# Tribute for Dale 👍🏻



## TrustRust (Mar 25, 2022)

Dale was one of a kind and a character.
Who lived his vision..
I’m sure he will smiling down with that much missed grin ..









						Tribute Set for Wheels Through Time Founder Dale Walksler
					

Dale’s Wheels Through Time Museum will celebrate founder Dale Walksler’s life and efforts to preserve American motorcycle history this April.




					www.cycleworld.com


----------



## HEMI426 (Mar 25, 2022)

I liked the episode when they started every bike in the museum in one day.
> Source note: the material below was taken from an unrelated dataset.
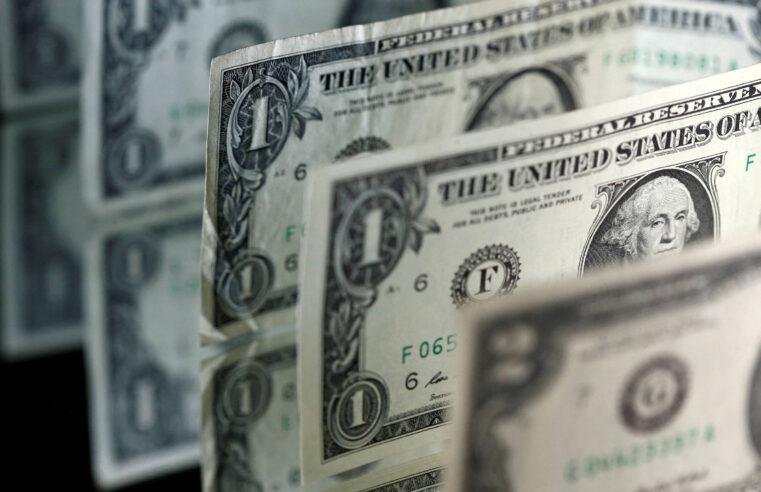 Dólar cai mais de 1% após trégua entre EUA e Irã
RIP Dale.


----------



## Flat Tire (Mar 27, 2022)

This was one of Dales first runs at Maggie Valley, been a while ago. We went to see Elk in the mountains but didn’t find any, so when we got back to his shop we looked at his Elk Motorcycle!! Haha, super nice guy, always let me camp by the creek at his shop when I visited.


----------



## mikecuda (Jun 15, 2022)

TrustRust said:


> Dale was one of a kind and a character.
> Who lived his vision..
> I’m sure he will smiling down with that much missed grin ..
> 
> ...



I met Matt at the Oley, Pa swap meet this past Spring.  Very nice young man. Wish I could of met Dale.


----------